### ASSIGNMENT
Pictures stay out of the copy. Retype exactly the lines below from the one with "Frau mit schwarzen" through the one with "Flat Lay Pregnancy".
-- DATA EXTRACTS follows --
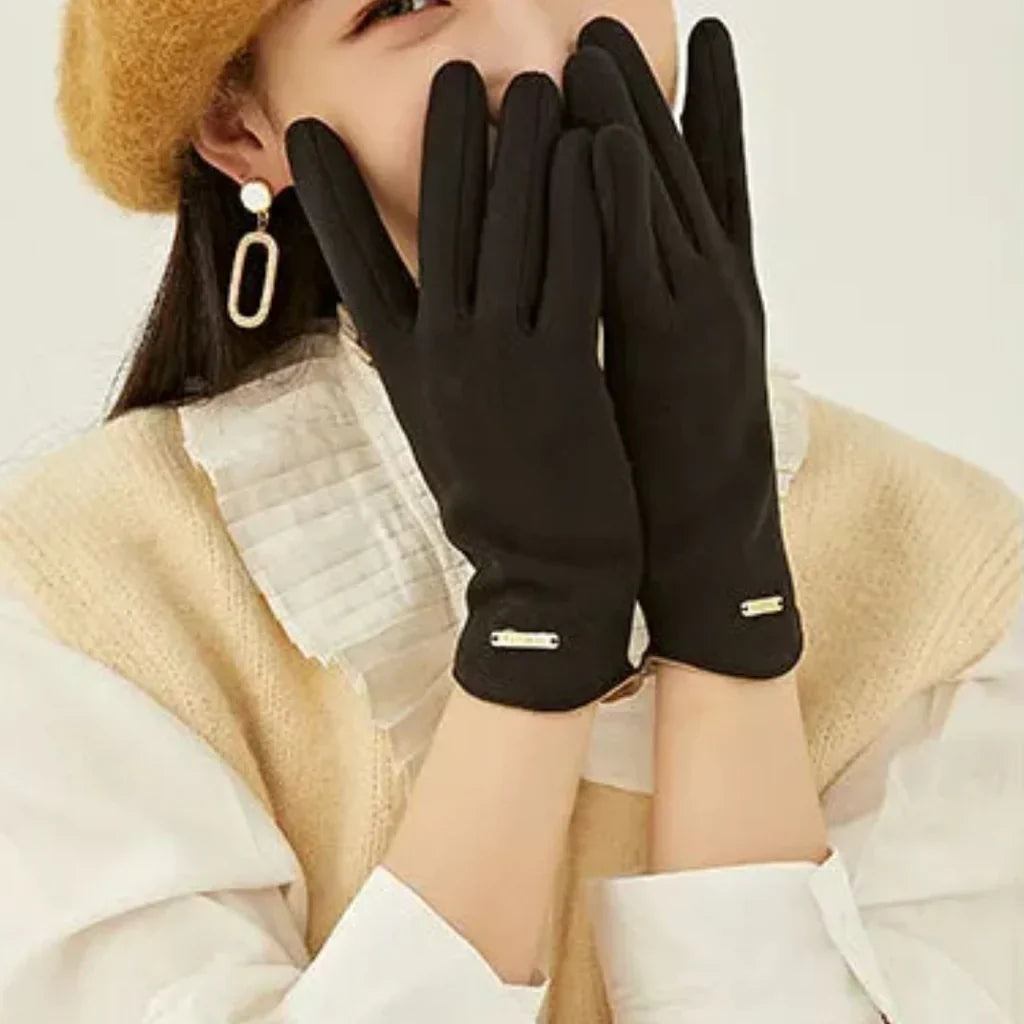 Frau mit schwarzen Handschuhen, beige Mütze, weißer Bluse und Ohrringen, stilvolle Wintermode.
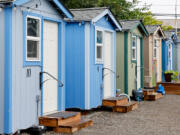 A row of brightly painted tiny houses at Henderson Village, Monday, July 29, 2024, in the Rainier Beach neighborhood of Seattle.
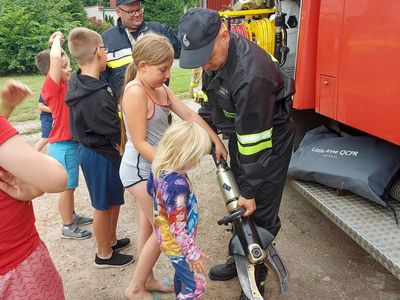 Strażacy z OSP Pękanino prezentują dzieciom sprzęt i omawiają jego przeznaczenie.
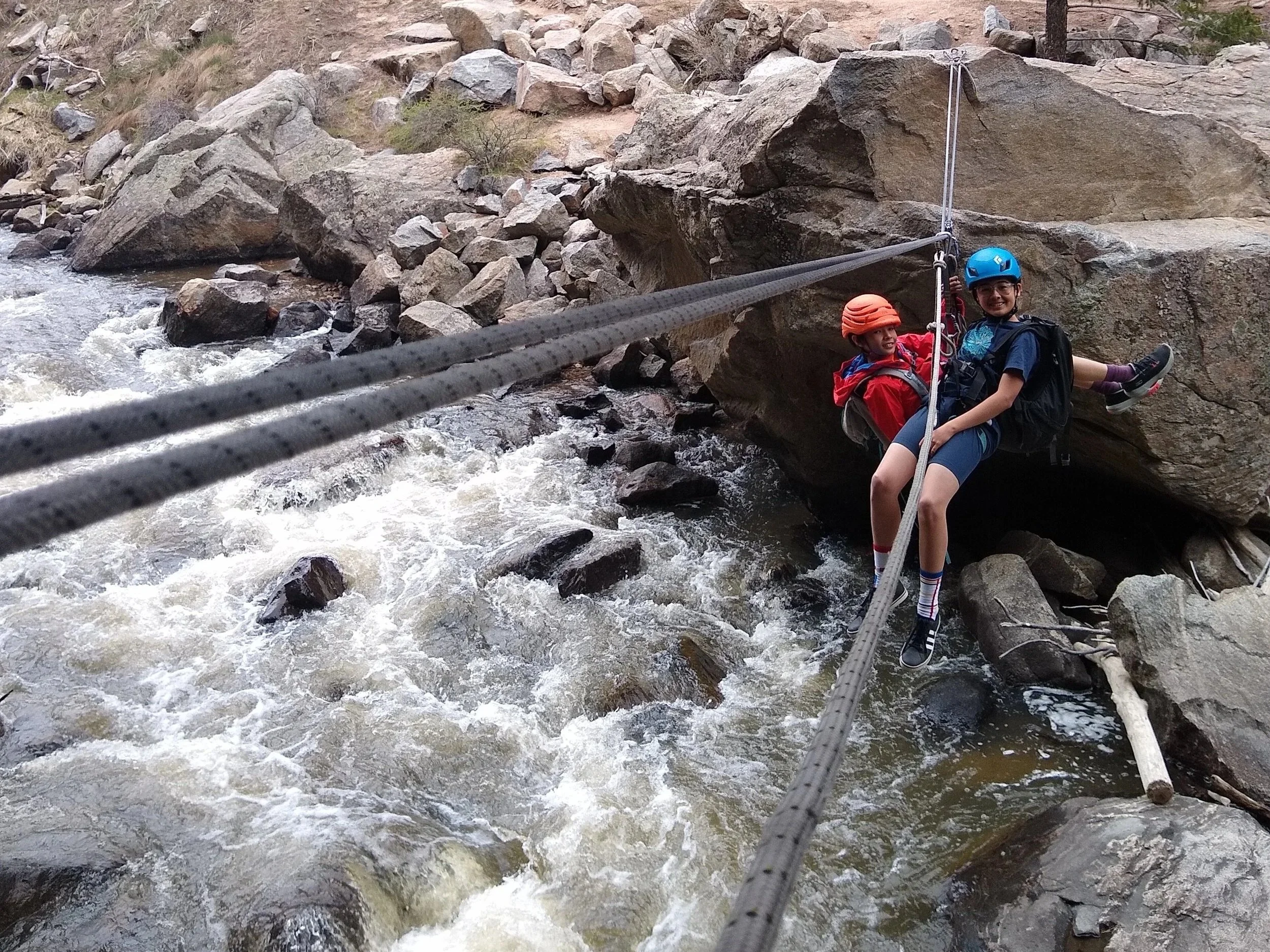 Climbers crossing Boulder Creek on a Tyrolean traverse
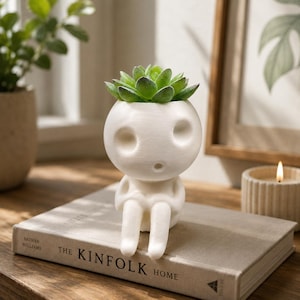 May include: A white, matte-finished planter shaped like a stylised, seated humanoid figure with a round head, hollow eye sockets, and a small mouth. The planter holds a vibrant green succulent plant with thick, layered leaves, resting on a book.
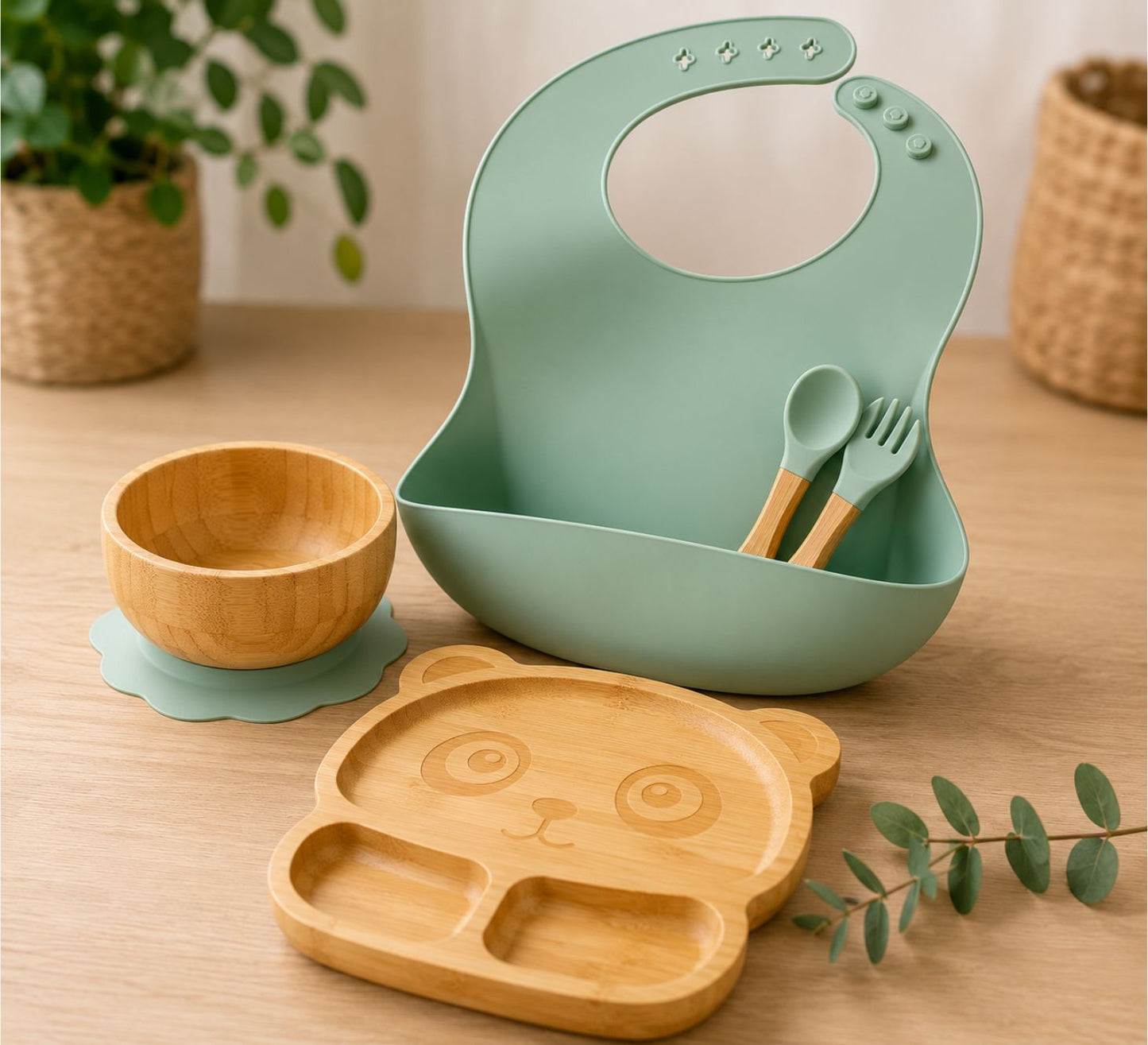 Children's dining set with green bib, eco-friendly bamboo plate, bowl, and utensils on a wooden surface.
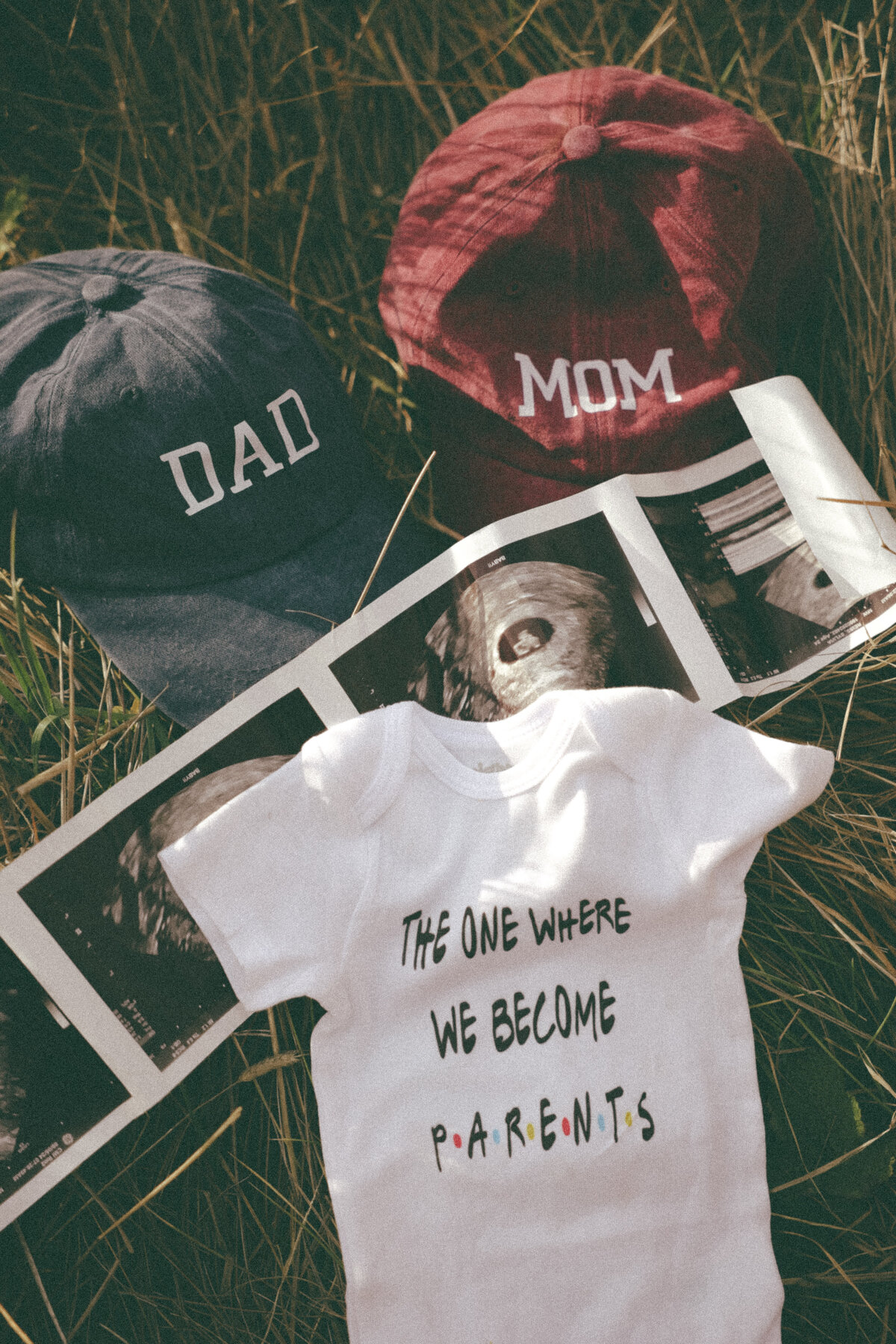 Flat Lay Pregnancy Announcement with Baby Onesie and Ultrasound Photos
-- DATA EXTRACTS concluded --
-- DATA EXTRACTS follows --
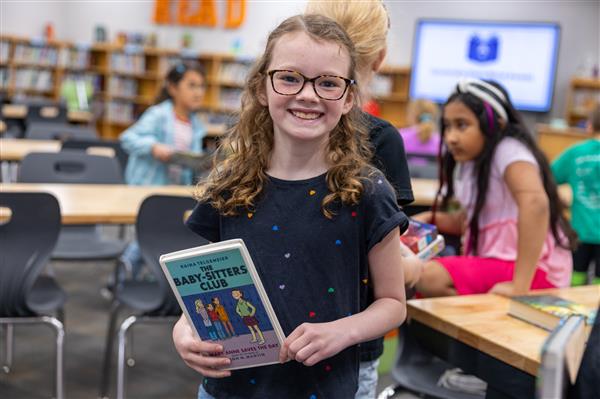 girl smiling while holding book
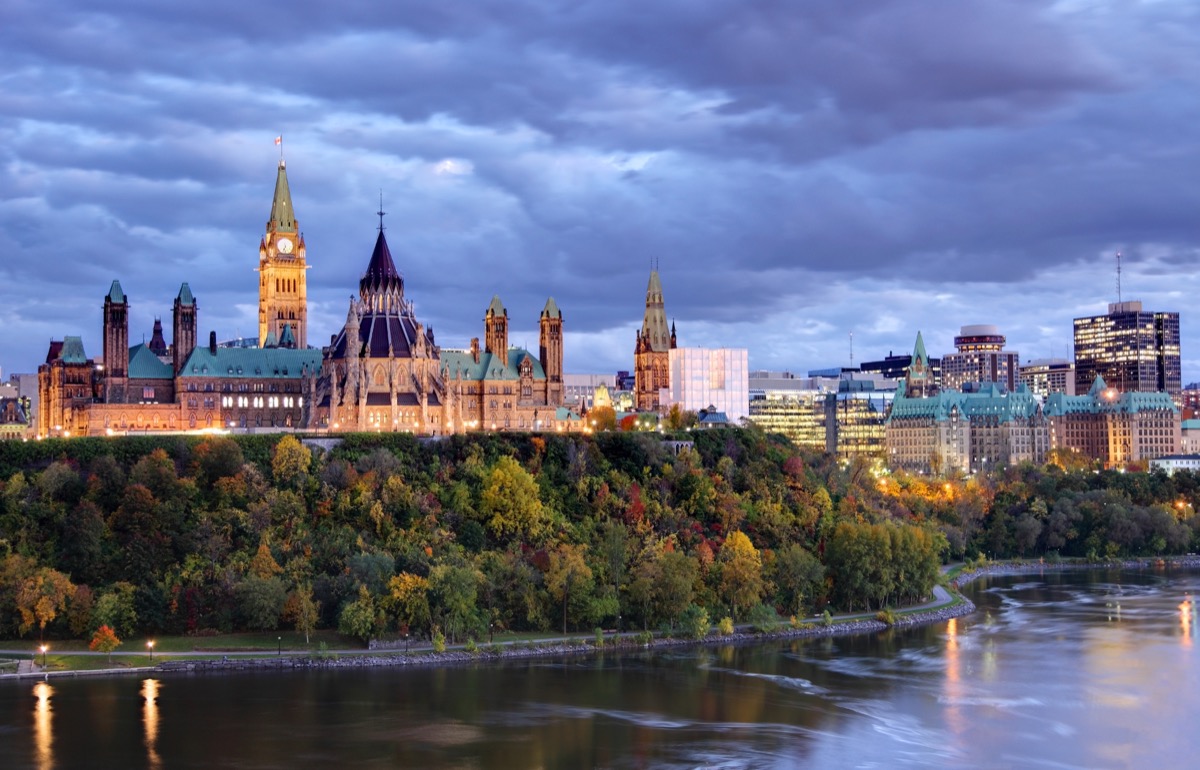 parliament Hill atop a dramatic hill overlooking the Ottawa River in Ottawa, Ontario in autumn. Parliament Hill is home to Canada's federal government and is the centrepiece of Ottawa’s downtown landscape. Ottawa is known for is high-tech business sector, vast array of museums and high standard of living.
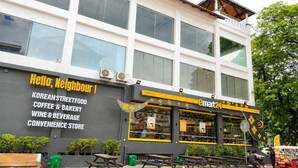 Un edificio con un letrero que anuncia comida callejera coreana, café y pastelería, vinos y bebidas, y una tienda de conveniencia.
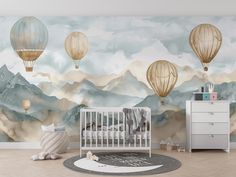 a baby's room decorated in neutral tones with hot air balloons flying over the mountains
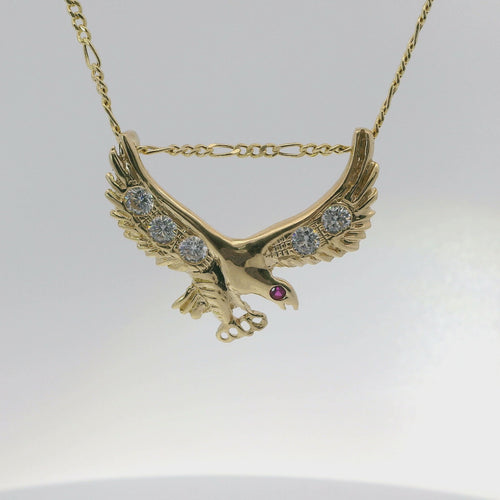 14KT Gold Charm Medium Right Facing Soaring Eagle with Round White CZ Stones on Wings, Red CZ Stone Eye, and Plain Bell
-- DATA EXTRACTS concluded --
### RESPONSE TO THE TASK
 Frau mit schwarzen Handschuhen, beige Mütze, weißer Bluse und Ohrringen, stilvolle Wintermode.
 A row of brightly painted tiny houses at Henderson Village, Monday, July 29, 2024, in the Rainier Beach neighborhood of Seattle.
 Strażacy z OSP Pękanino prezentują dzieciom sprzęt i omawiają jego przeznaczenie.
 Climbers crossing Boulder Creek on a Tyrolean traverse
 May include: A white, matte-finished planter shaped like a stylised, seated humanoid figure with a round head, hollow eye sockets, and a small mouth. The planter holds a vibrant green succulent plant with thick, layered leaves, resting on a book.
 Children's dining set with green bib, eco-friendly bamboo plate, bowl, and utensils on a wooden surface.
 Flat Lay Pregnancy Announcement with Baby Onesie and Ultrasound Photos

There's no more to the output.